**Work order**
Each line below is to be repeated exactly; any picture is to be left out.
===== Materials provided
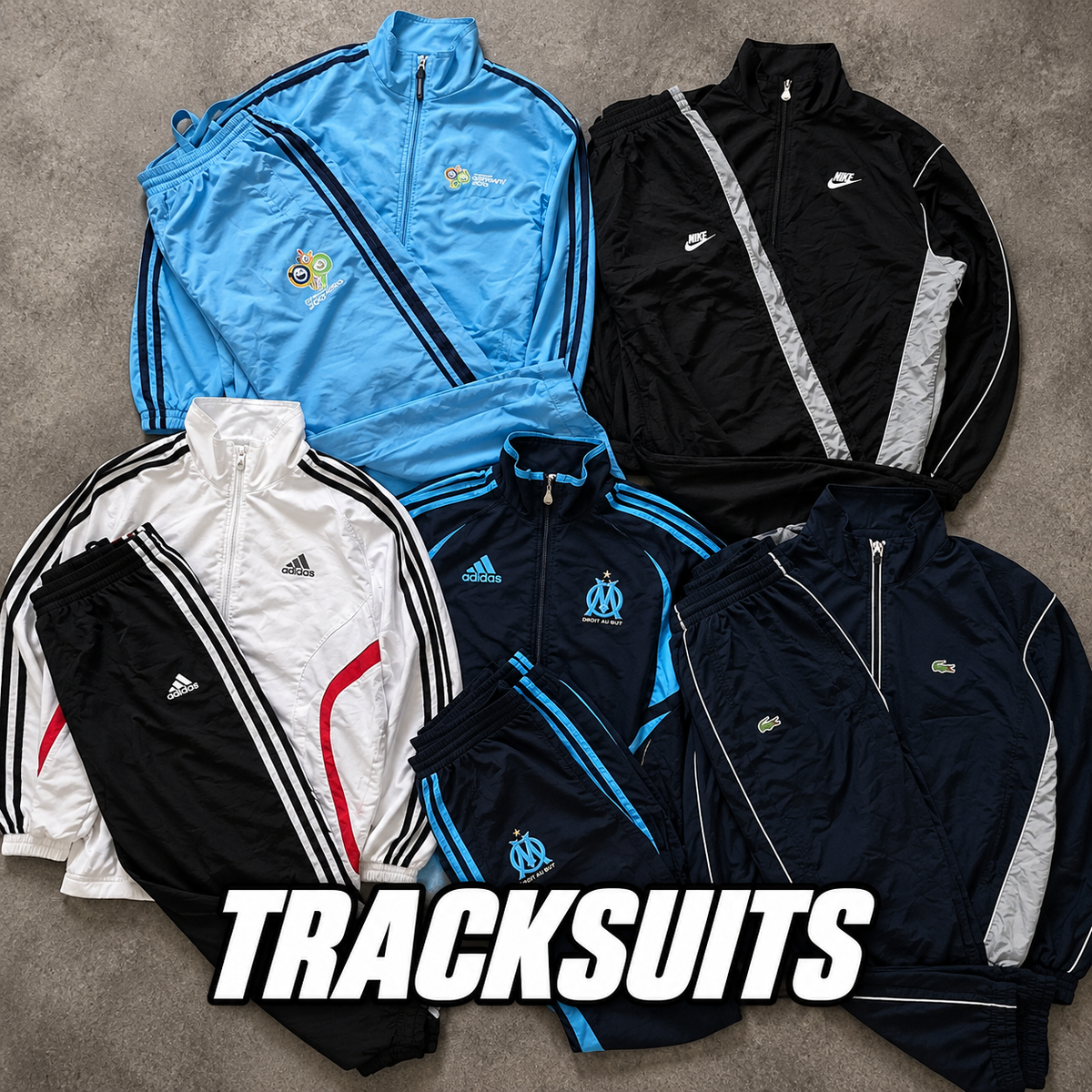 Tracksuits
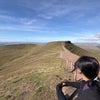 Photo 4: recent hike in the brecon beacons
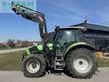 Tractor agrícola - Deutz-Fahr - agrotron k 410 premium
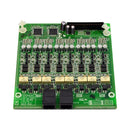 NEC 670115 Univerge SV8100 PZ-8LCE 8-Port Analog Daughter Board (Refurbished)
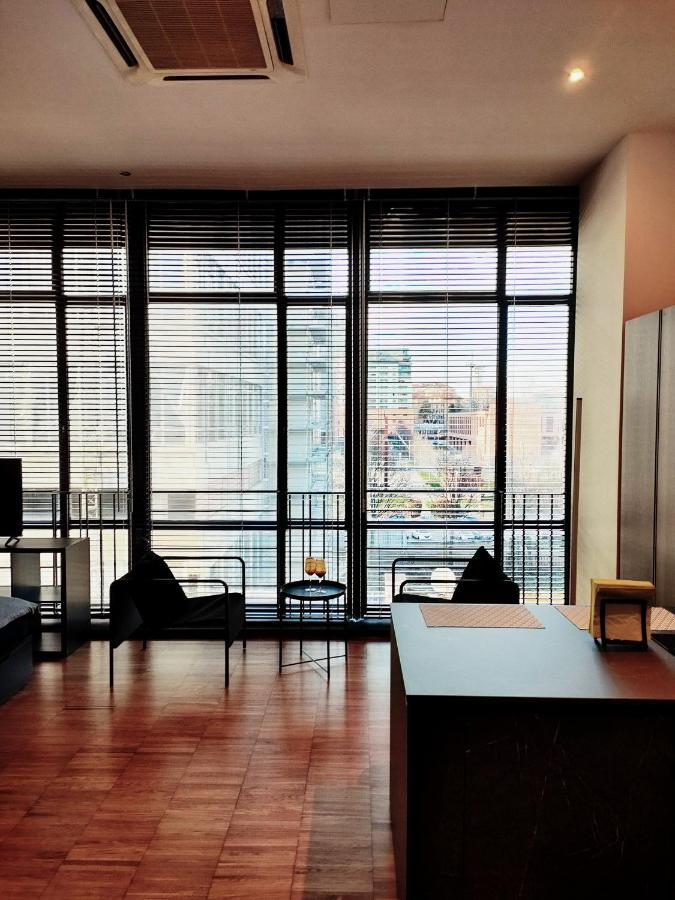 Apartamento Loft 3 Business Turín Exterior foto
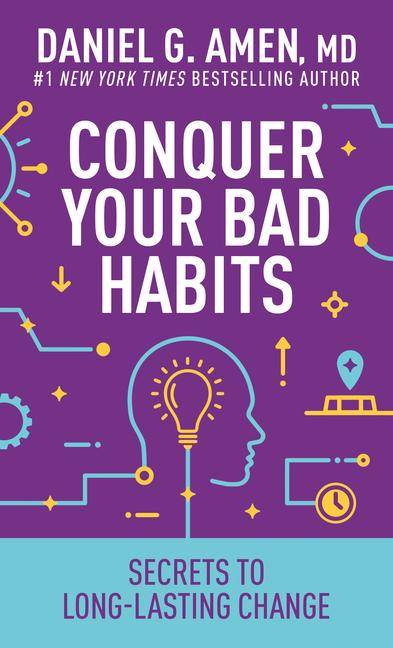 Vorderes Coverbild Conquer Your Bad Habits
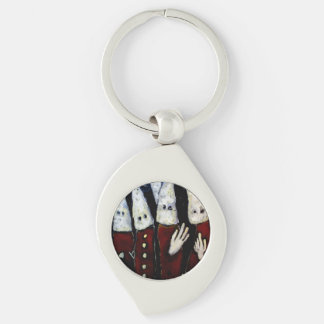 Conspirators Keychain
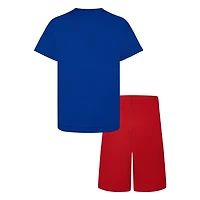 Nike Boys’ 4-7 Dri-FIT Futura T-shirt and Shorts Set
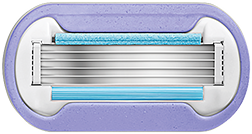 Gillette Venus Extra Smooth Contour refill razor blade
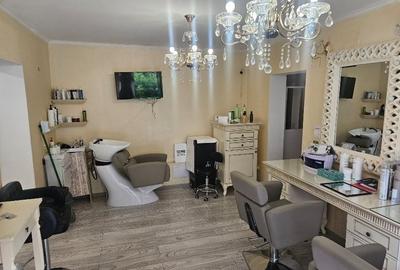 Spațiu comercial, de 1 mp, în Calea București - 2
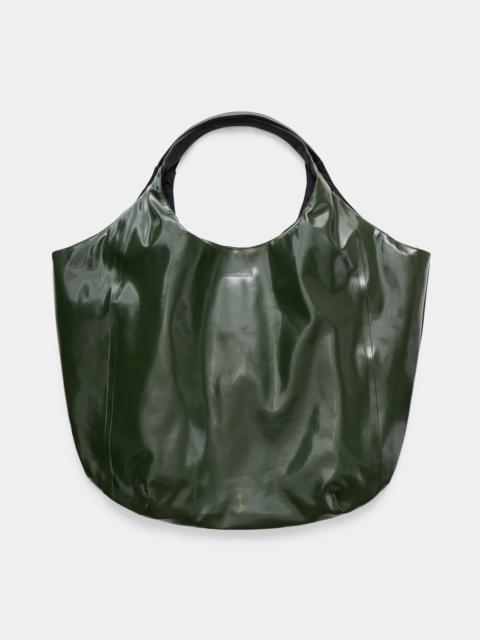 Stutterheim Svea Puffer Bag Opal Green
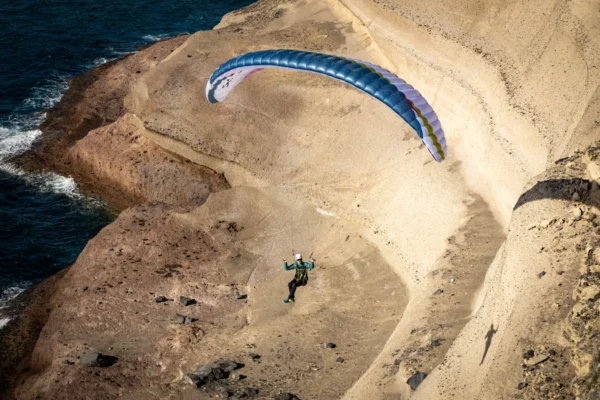 Aile de parapente hike & fly Airdesign – SUSI Xped – Image 14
==========
**Output below**
 Tracksuits
 Photo 4: recent hike in the brecon beacons
 Tractor agrícola - Deutz-Fahr - agrotron k 410 premium
 NEC 670115 Univerge SV8100 PZ-8LCE 8-Port Analog Daughter Board (Refurbished)
 Apartamento Loft 3 Business Turín Exterior foto
 Vorderes Coverbild Conquer Your Bad Habits
 Conspirators Keychain
 Nike Boys’ 4-7 Dri-FIT Futura T-shirt and Shorts Set
 Gillette Venus Extra Smooth Contour refill razor blade
 Spațiu comercial, de 1 mp, în Calea București - 2
 Stutterheim Svea Puffer Bag Opal Green
 Aile de parapente hike & fly Airdesign – SUSI Xped – Image 14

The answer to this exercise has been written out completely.